***** The records
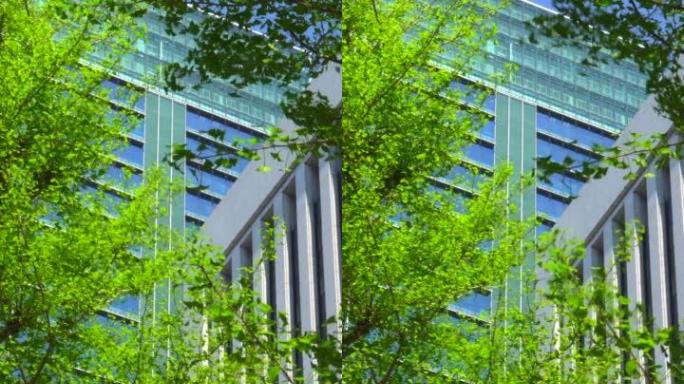 现代办公楼和树木景点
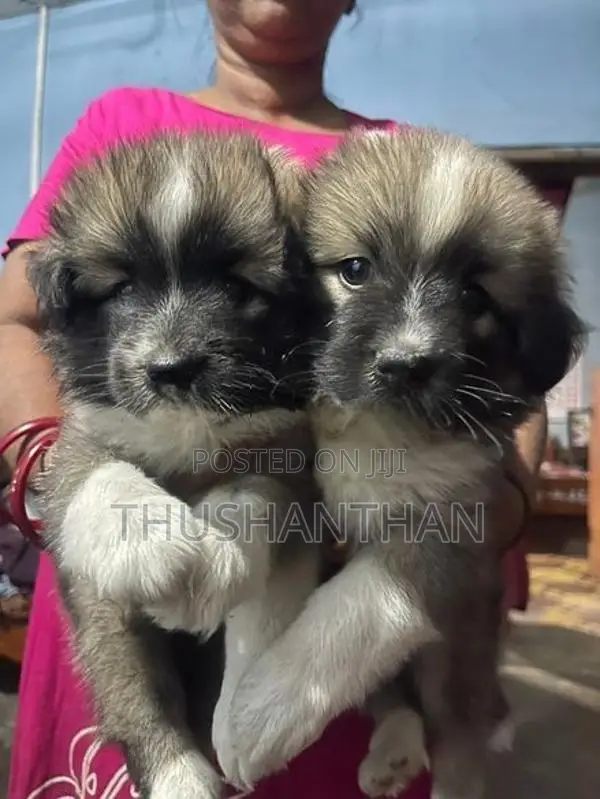 Lion Pomeranian Puppies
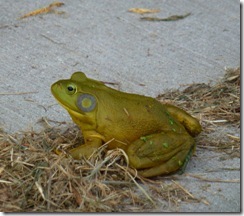 Bull frog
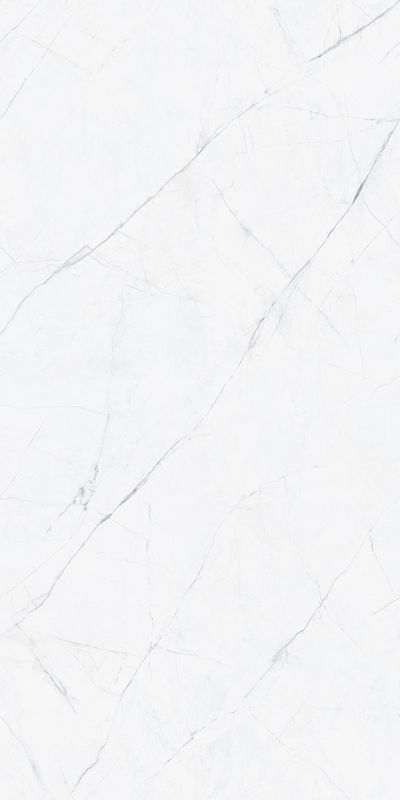 WT0226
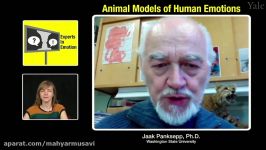 Experts in Emotion 3.3  Jaak Panksepp on Animal Models of Human Emotion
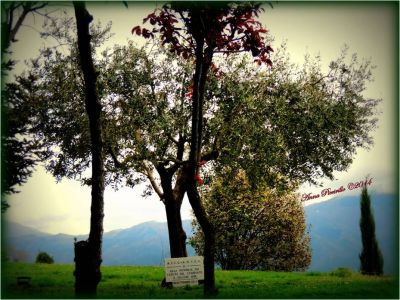 Montecassino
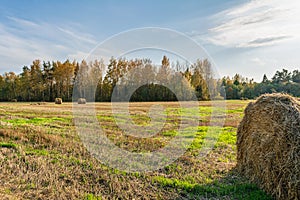 Haybale at a field with green grass and dry hrass. Autumn landscape on a sunny day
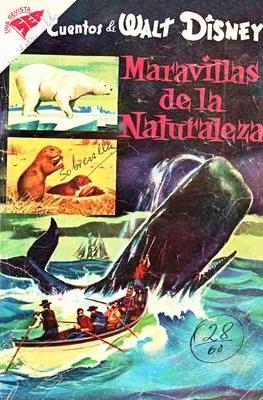 Cuentos de Walt Disney #170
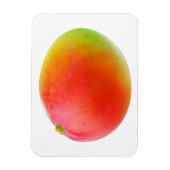 マンゴ マグネット (縦)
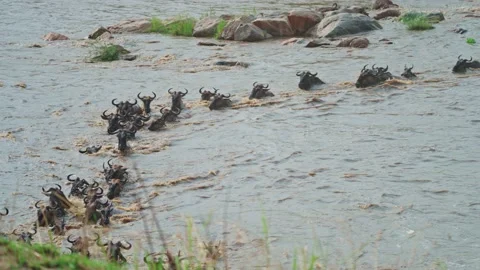Wildebeest migration Stock Footage 217721165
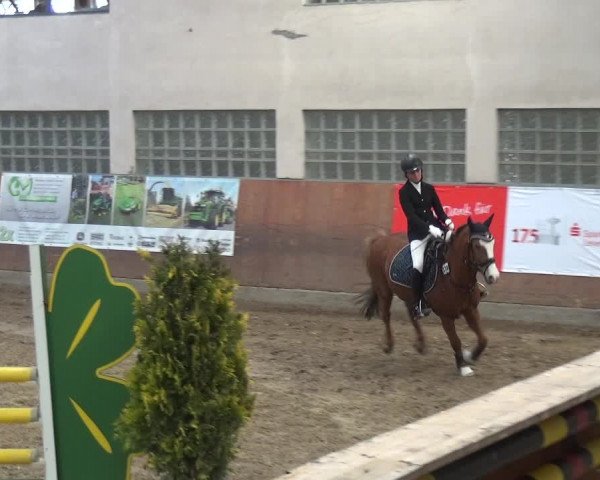 Reitturnier Leverkusen-Rheindorf 2019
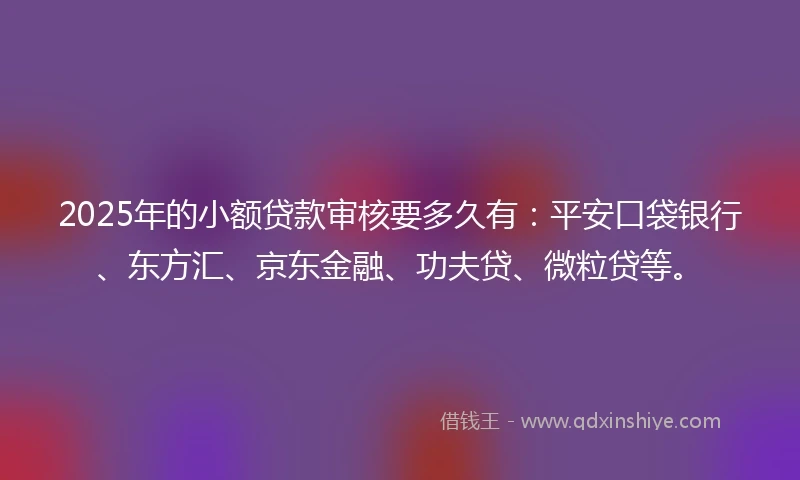 2025年的小额贷款审核要多久有：平安口袋银行、东方汇、京东金融、功夫贷、微粒贷等。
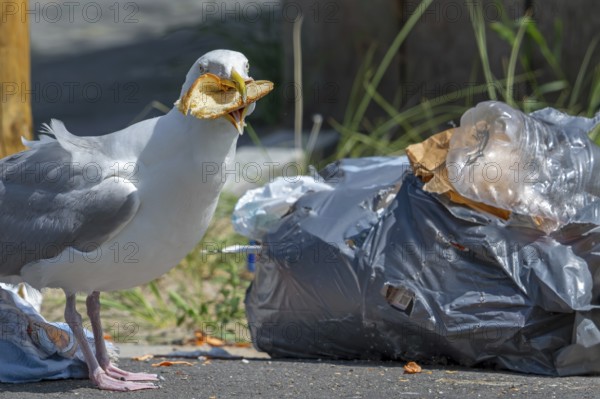 Bird nuisance by herring gull tearing up rubbish bag and feeding on trash, household refuse and garbage leaving a mess on street in coastal town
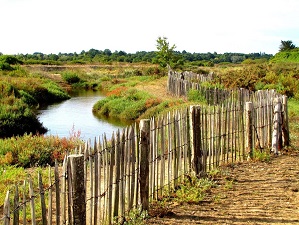 GR34 Hiking from Pont d'Arm to St Nazaire (Loire-Atlantique) 3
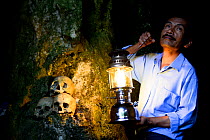 Man with lantern lighting up skulls on rock at Toraja cemetery. The Toraja culture of West and South Sulawesi revolves around death with funeral ceremonies an important part of daily life. Indonesia....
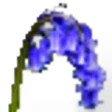 Bluebell
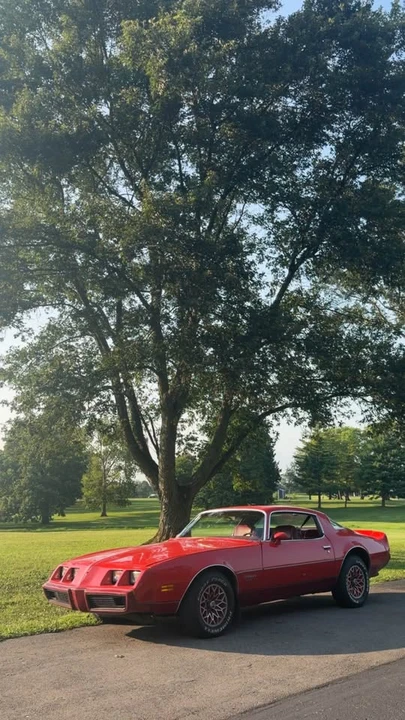 1979 Pontiac Firebird 2nd Gen - Image 17 of 17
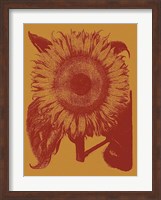 Sunflower 15 Fine Art Print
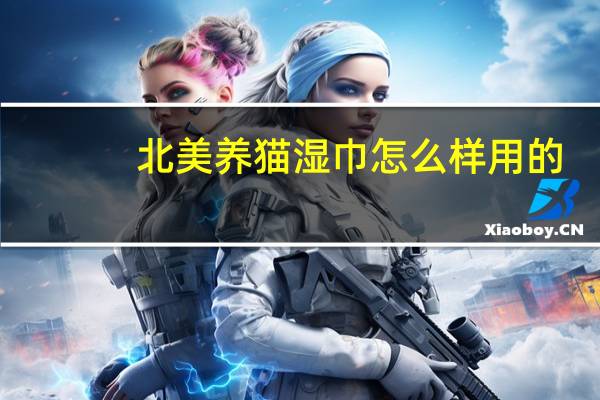 北美养猫湿巾怎么样用的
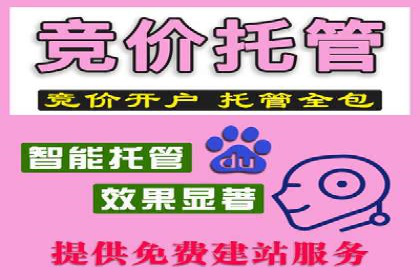 行业专家眼中的sem竞价推广托管策略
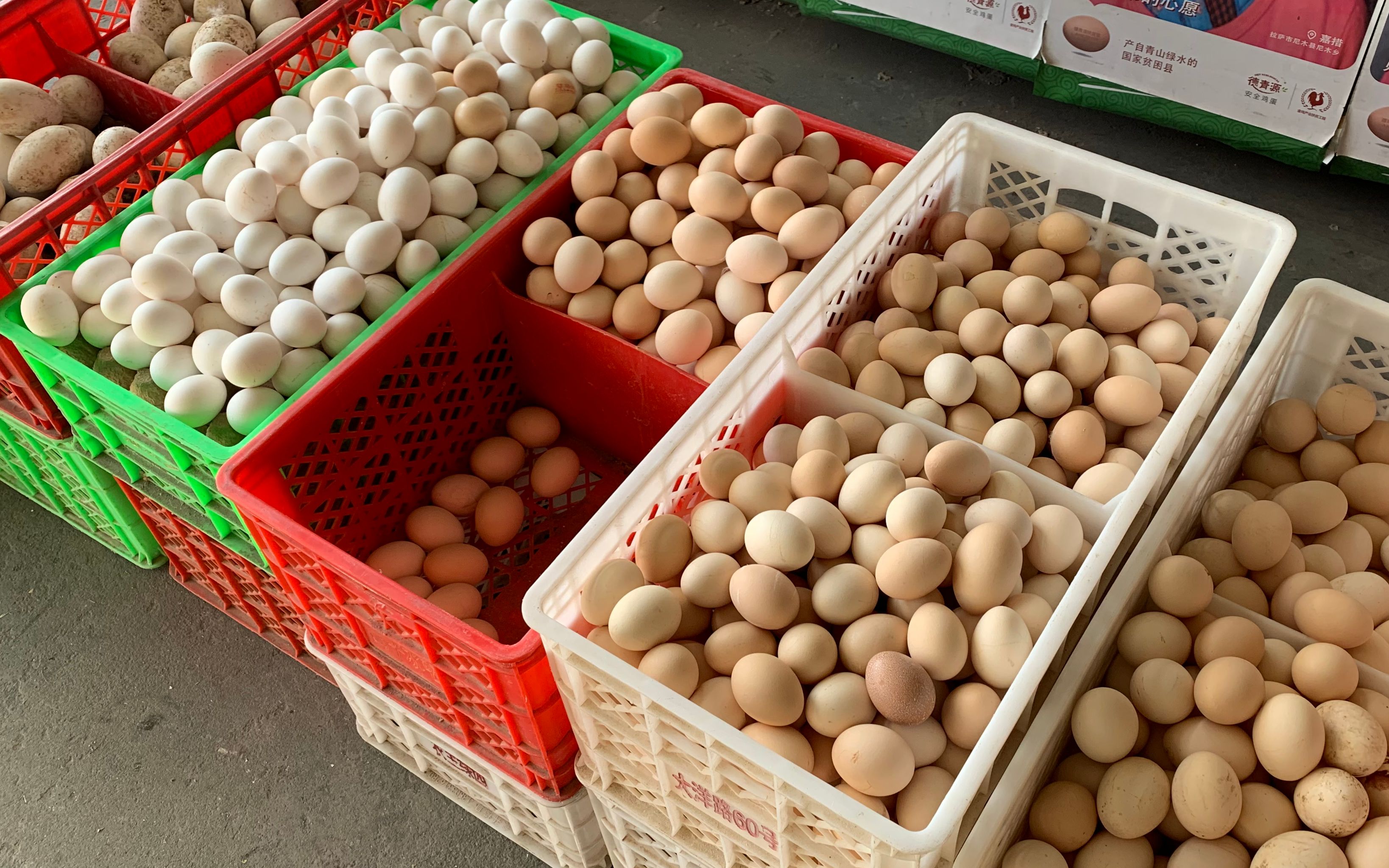今日宜昌鸡蛋行情,今日宜昌鸡蛋行情论述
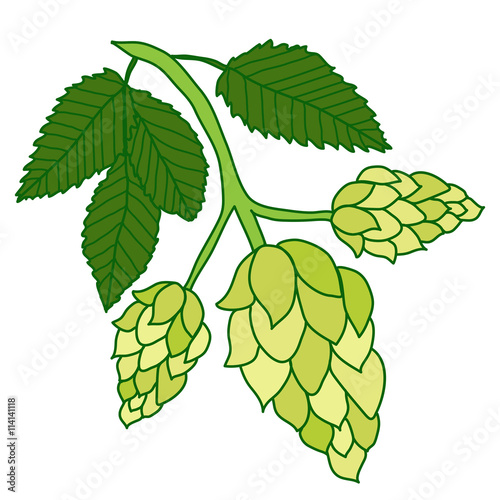 Hops plant isolated on white background, hand drawing style. Vector illustration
**********
**Exercise directions:** Using the entries above, repeat exactly the lines from the one with "2025年的小额贷款审核要多" to the one with "Man with lantern", both included, and leave the pictures behind.

**Response to the exercise:**
 2025年的小额贷款审核要多久有：平安口袋银行、东方汇、京东金融、功夫贷、微粒贷等。
 Bird nuisance by herring gull tearing up rubbish bag and feeding on trash, household refuse and garbage leaving a mess on street in coastal town
 GR34 Hiking from Pont d'Arm to St Nazaire (Loire-Atlantique) 3
 Man with lantern lighting up skulls on rock at Toraja cemetery. The Toraja culture of West and South Sulawesi revolves around death with funeral ceremonies an important part of daily life. Indonesia....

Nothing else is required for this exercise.